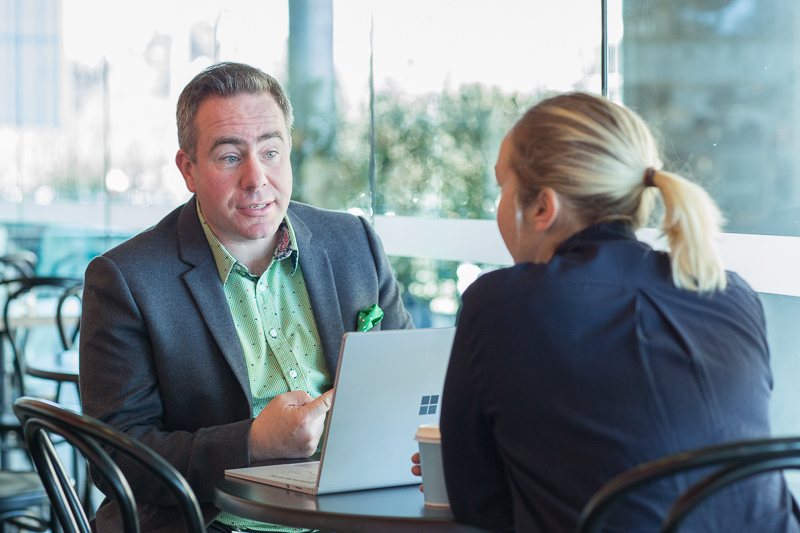 Andy Kempson having coffee with an ICT entry-level program participant.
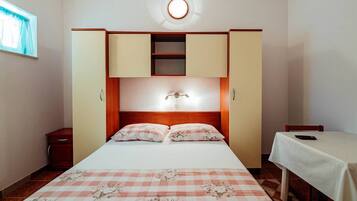 A bedroom with a bed, a nightstand, a wardrobe, and a table with a chair.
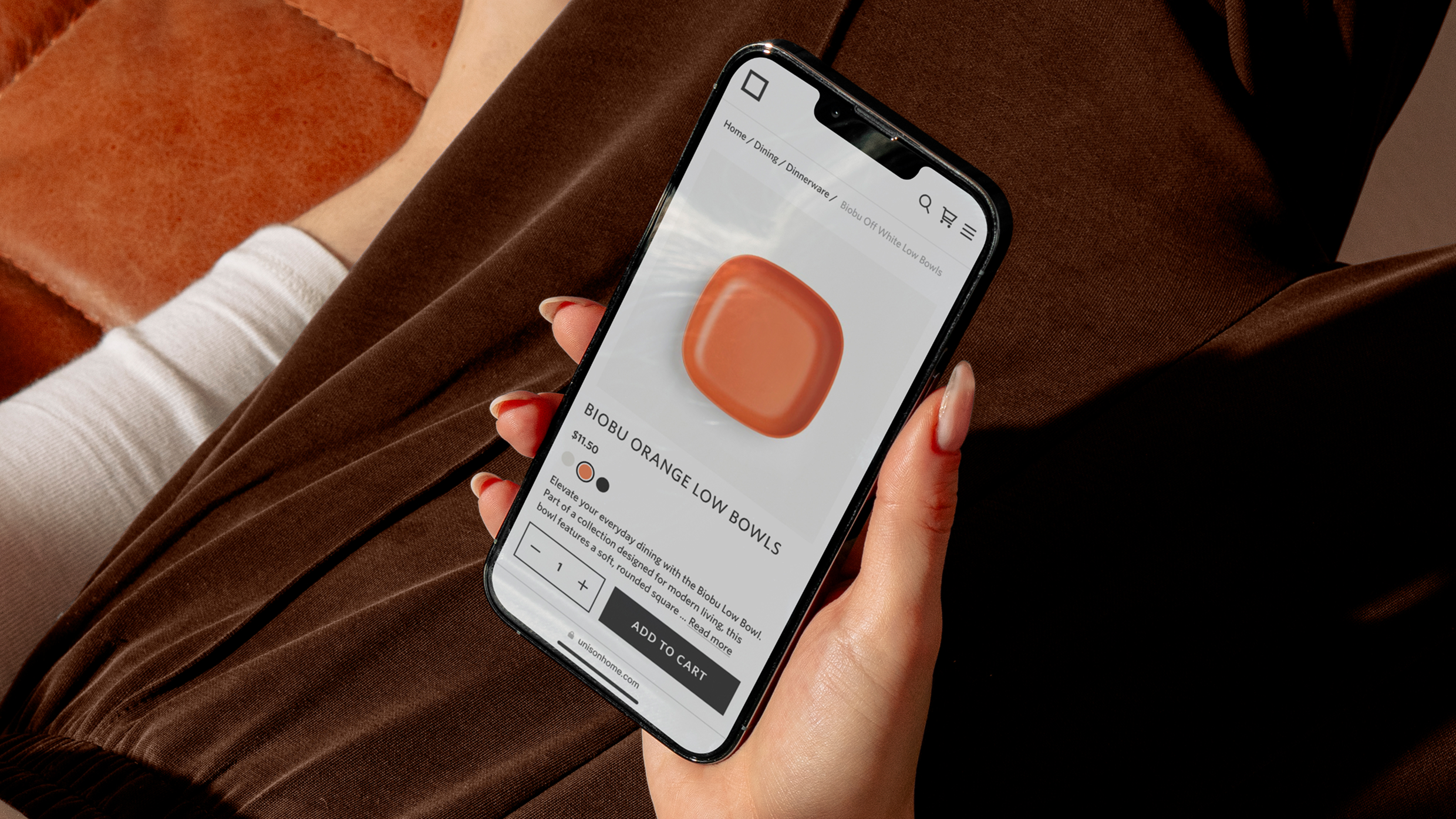 Person holding a smartphone displaying a ceramic bowl product page in a modern home decor shopping app.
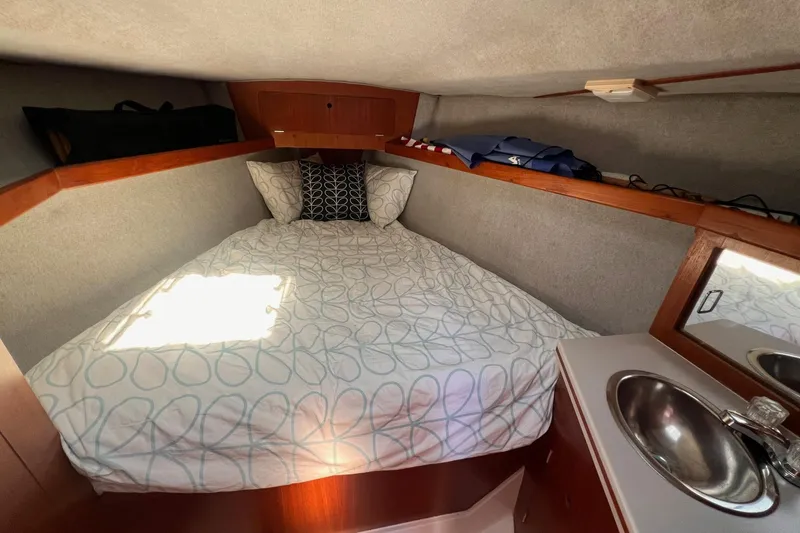 Slide: The Image of Cozy cabin interior of 1988 Hunter 37.5 sailboat with bed and sink. - 24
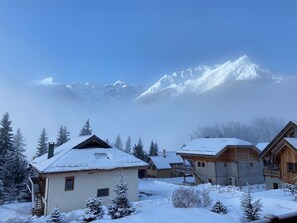 A snow-covered mountain village with wooden houses and a clear view of the snow-capped peaks in the background. - Chalet in Serre Chevalier, Hautes-Alpes, at an elevation of 1,500 meters—Winter and Summer   (Le Monêtier-les-Bains)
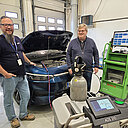 Kouluttajat Mika Sivenius ja Juha Vainio seisovat Tampereen Aikuiskoulutuskeskuksen autohallissa, taustalla auto konepelti auki. Autoon on kytketty hiilidioksidi-ilmastoinninhuoltolaite.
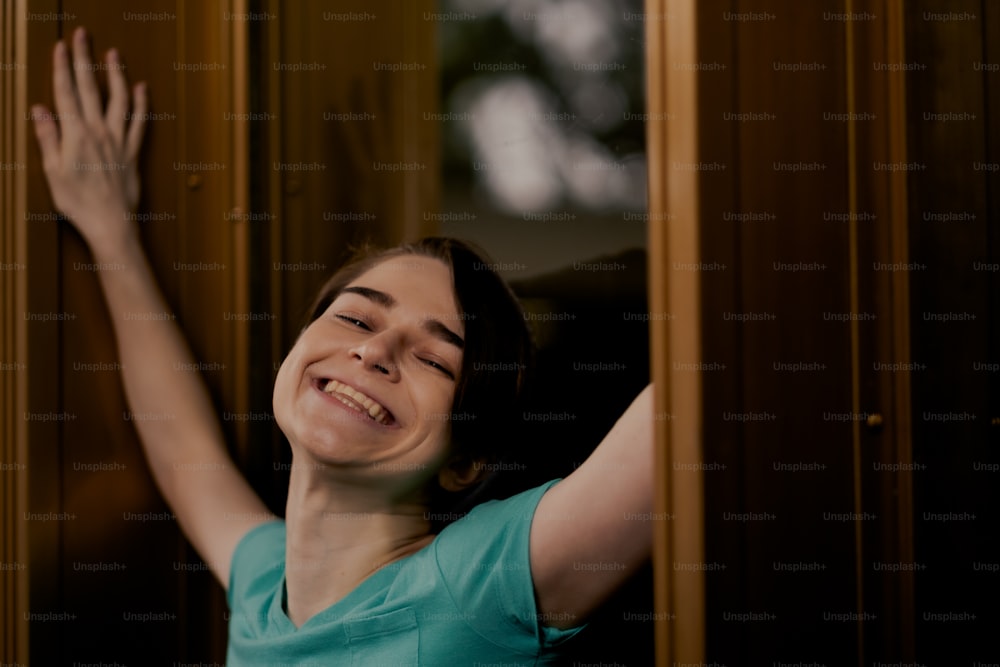 a woman is smiling and leaning against a wall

▶ **Problem description**
An exact copy of the listing above is to be set down, with no pictures in it.

▶ **Answer section**
 Andy Kempson having coffee with an ICT entry-level program participant.
 A bedroom with a bed, a nightstand, a wardrobe, and a table with a chair.
 Person holding a smartphone displaying a ceramic bowl product page in a modern home decor shopping app.
 Slide: The Image of Cozy cabin interior of 1988 Hunter 37.5 sailboat with bed and sink. - 24
 A snow-covered mountain village with wooden houses and a clear view of the snow-capped peaks in the background. - Chalet in Serre Chevalier, Hautes-Alpes, at an elevation of 1,500 meters—Winter and Summer   (Le Monêtier-les-Bains)
 Kouluttajat Mika Sivenius ja Juha Vainio seisovat Tampereen Aikuiskoulutuskeskuksen autohallissa, taustalla auto konepelti auki. Autoon on kytketty hiilidioksidi-ilmastoinninhuoltolaite.
 a woman is smiling and leaning against a wall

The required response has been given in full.